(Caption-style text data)
┄┄┄┄┄┄┄┄┄┄┄┄┄┄┄┄┄┄┄┄

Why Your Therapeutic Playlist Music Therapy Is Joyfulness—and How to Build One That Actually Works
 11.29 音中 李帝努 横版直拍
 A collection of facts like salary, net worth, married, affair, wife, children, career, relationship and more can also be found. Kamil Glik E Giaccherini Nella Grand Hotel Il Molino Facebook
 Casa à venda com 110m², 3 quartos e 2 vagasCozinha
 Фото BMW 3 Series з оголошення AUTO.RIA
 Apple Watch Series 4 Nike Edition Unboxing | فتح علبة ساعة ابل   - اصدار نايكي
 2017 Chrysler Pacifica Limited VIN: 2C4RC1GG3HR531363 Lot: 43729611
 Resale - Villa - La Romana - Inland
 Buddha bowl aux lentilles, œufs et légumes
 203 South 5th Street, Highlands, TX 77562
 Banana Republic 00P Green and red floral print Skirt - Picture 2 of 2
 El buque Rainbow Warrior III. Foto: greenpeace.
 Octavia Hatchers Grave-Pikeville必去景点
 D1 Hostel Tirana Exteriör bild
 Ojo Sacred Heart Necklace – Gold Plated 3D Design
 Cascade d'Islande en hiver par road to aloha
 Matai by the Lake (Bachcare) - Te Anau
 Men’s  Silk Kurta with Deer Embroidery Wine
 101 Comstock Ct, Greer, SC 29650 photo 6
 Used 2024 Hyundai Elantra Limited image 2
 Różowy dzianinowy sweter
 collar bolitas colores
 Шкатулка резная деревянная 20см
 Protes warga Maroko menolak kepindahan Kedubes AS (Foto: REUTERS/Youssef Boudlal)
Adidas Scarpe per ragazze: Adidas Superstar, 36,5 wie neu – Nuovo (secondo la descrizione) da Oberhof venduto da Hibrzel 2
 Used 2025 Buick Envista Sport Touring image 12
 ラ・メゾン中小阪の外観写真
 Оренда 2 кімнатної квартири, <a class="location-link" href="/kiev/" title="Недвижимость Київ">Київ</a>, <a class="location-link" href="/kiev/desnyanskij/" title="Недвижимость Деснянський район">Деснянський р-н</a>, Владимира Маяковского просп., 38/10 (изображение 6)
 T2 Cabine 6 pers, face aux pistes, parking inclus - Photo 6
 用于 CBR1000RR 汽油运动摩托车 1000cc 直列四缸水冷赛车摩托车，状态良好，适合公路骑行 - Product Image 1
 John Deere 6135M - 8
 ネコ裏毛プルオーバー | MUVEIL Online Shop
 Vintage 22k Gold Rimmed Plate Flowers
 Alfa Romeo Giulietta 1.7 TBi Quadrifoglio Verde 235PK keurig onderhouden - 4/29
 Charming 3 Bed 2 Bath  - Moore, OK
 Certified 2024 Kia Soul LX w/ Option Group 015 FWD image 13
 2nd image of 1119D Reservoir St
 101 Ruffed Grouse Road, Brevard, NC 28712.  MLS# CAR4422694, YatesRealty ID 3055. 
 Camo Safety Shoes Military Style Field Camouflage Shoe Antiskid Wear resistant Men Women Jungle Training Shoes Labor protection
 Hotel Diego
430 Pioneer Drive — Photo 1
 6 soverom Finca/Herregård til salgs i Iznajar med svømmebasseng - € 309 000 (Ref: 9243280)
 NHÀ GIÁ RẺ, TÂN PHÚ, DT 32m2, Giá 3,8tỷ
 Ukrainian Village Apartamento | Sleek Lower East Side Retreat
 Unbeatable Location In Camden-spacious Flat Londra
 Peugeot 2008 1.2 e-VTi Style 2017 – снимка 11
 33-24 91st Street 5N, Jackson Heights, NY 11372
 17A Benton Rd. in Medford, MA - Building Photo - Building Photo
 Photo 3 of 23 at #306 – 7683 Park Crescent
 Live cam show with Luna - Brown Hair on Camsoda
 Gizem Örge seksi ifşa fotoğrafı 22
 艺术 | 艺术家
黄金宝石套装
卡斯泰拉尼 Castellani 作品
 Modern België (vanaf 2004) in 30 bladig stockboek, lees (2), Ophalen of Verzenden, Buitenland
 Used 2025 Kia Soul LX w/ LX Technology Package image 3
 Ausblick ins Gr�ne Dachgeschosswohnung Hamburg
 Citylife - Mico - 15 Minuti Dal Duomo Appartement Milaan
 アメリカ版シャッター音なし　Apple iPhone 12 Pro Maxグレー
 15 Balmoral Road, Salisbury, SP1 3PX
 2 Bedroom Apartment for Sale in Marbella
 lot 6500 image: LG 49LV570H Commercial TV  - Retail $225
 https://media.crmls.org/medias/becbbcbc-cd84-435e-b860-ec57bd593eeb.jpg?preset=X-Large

┄┄┄┄┄┄┄┄┄┄┄┄┄┄┄┄┄┄┄┄

■ WORK INSTRUCTIONS ■
Starting at the line above that contains "Charming 3 Bed", write out each line exactly until the line that contains "101 Ruffed Grouse" has been written, and stop there.

■ WRITTEN ANSWER ■
 Charming 3 Bed 2 Bath  - Moore, OK
 Certified 2024 Kia Soul LX w/ Option Group 015 FWD image 13
 2nd image of 1119D Reservoir St
 101 Ruffed Grouse Road, Brevard, NC 28712.  MLS# CAR4422694, YatesRealty ID 3055. 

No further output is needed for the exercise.